AIを医療現場で活用する動きが活発だ。注目を集めるのが画像診断分野で、2019年はベンチャーの動きも目立った。
消化器内視鏡専門医を20年以上務める多田智裕氏は、17年9月、AIによる内視鏡画像診断システムを開発するAIメディカルサービスを設立した。読影を行う専門医の負担を軽減して「がんの見逃しを減らしたかった」(多田氏)。
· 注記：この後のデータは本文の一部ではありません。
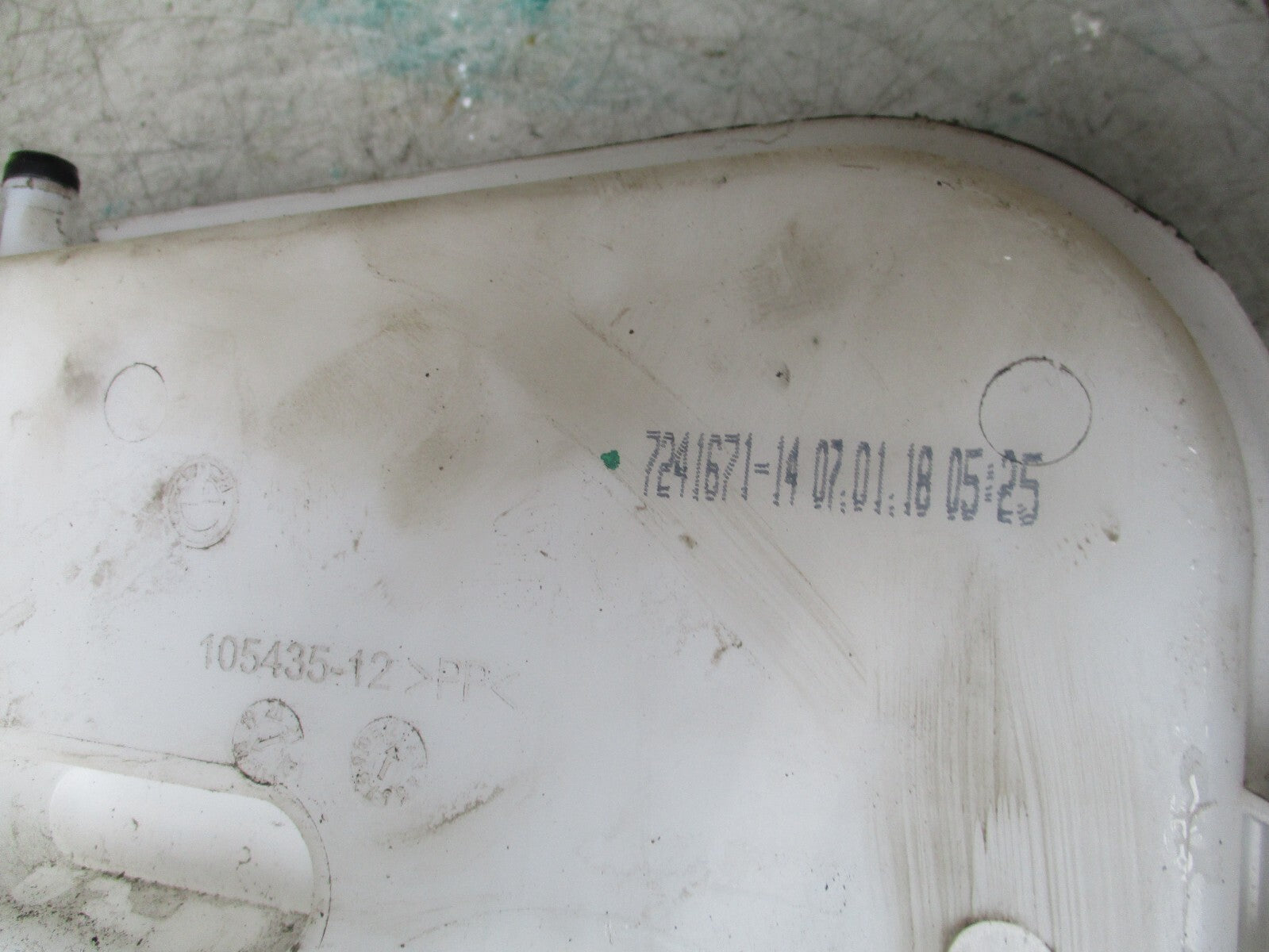 BMW 3200 WASHER BOTTLE 105435-12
まず着手したのが、胃がんの原因となるピロリ菌胃炎だ。3万枚の病変画像をディープラーニングのモデルに学習させたところ、診断精度で人間の医者の平均を超えた。さらに胃がんを対象に研究を進め、6ミリメートル以上の病変で98%の精度を達成。さらに動画でのリアルタイム診断も開発し、94%の水準に達したという。
現在はがん研有明病院など、国内約80の医療機関と共同研究中。内視鏡専門医による質の高い教師データの提供を受け、AIモデルの改善を進める。
まず胃がん診断での薬事承認を目指し、20年中にも治験を始める。「胃がんは病変の周りに炎症があり見分けづらい」(多田氏)ため、参入障壁も高くなるという。その後は食道や大腸・小腸にも対象を広げる。19年10月には約46億円の大型資金調達を実施した。
「対象疾患すべてで最終製品まで開発を終えられるだけの資金を調達した。これからスピードを速めていく」と、病院の院長とAIベンチャーのCEOを兼務する多田氏は意気込みを語る。